Mazars tax executive on the latest budget statement

09 March 2020 Consultancy.co.za

Inflation-adjusted income tax brackets introduced in the latest budget statement by Finance Minister Tito Mboweni are a promising step towards reinjecting momentum in South Africa’s economy. This is according to Tax Partner at accounting and advisory firm Mazars Bernard Sacks.

The latest measures are a last ditch effort from the South African government to keep the country within investment grade, something that has come under threat recently. Personal Income Tax brackets have now been adjusted above inflation, which will increase the in-hand income for many South Africans.

The change represents a pivot in the policy direction that has emerged in recent years, which has seen tax rates increase in a bid to preserve government revenues. Now, South Africans will have more spending power, which is likely to boost economic activity in the country and reinject momentum.

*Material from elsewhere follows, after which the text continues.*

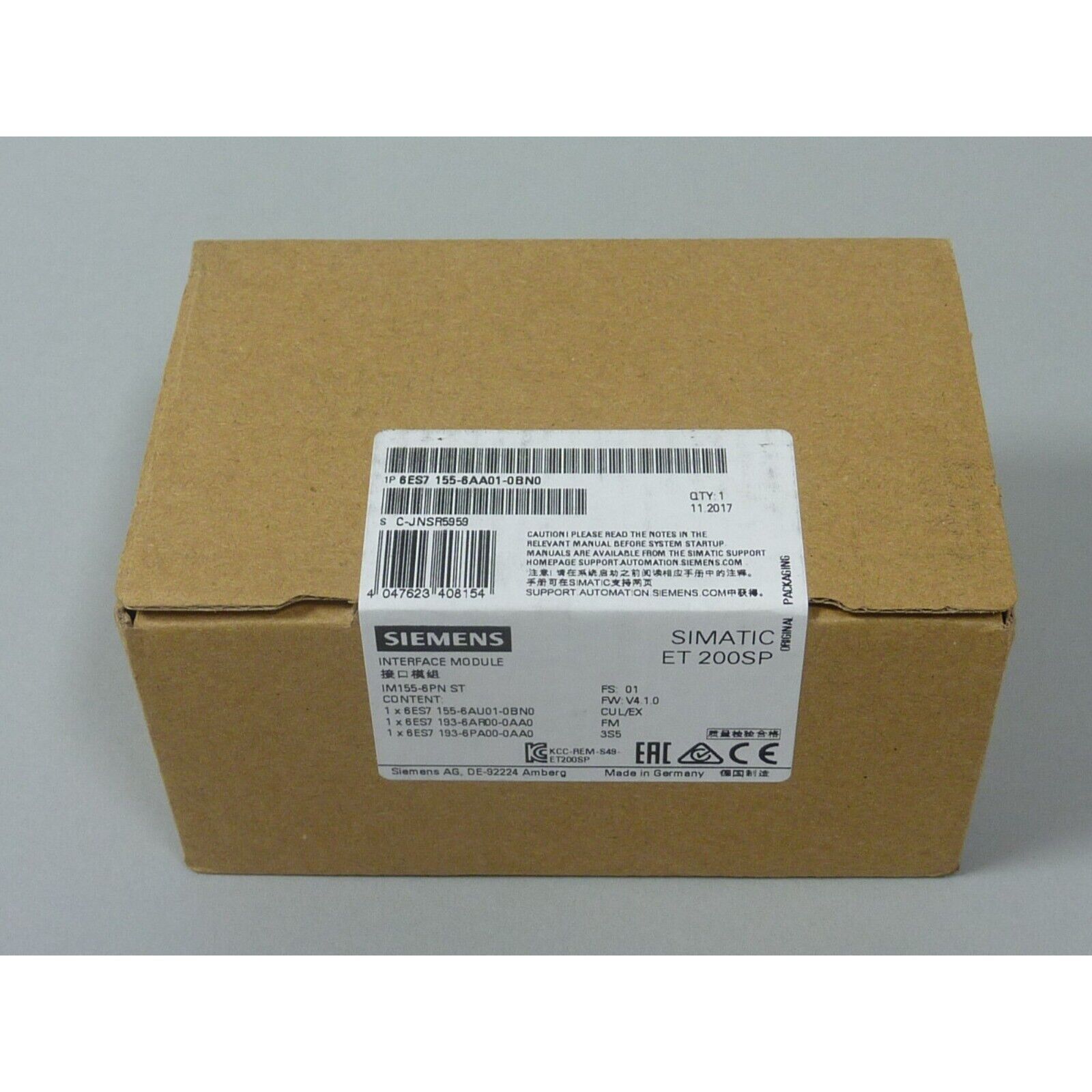 Siemens SIMATIC ET 200SP interface module in original packaging, 6ES7155-6AA01-0BN0, industrial automation part.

Bernard Sacks, Partner at Mazars

The country has been suffering from economic stagnation recently, and low indications of improvements in the outlook as well as shortfall in the meeting of foreign investment targets has done little to encourage people to spend. The latest measure is a bid to improve this scenario. 

“This is welcomed, given the need to stimulate the economy and promote growth,” said Sacks, who also explained the merits of South Africa’s corporate tax rates, which remain unchanged despite calls for a reduction amongst a number of economic experts.

“Accordingly, in an effort to promote economic growth, government intends, over the medium term, to restructure the corporate income tax system by broadening the base and reducing the rate. The base broadening proposals will involve minimising tax incentives, and introducing new interest deduction and assessed loss limitations,” explained Sacks.

“This change will increase transparency, reduce burdensome and unnecessary administrative approvals, and promote certainty. The capital flow measures take account of the Organisation for Economic Co-operation and Development best-practice Code of Liberalisation of Capital Movements and are aligned with similar approaches in other developing countries,” he added.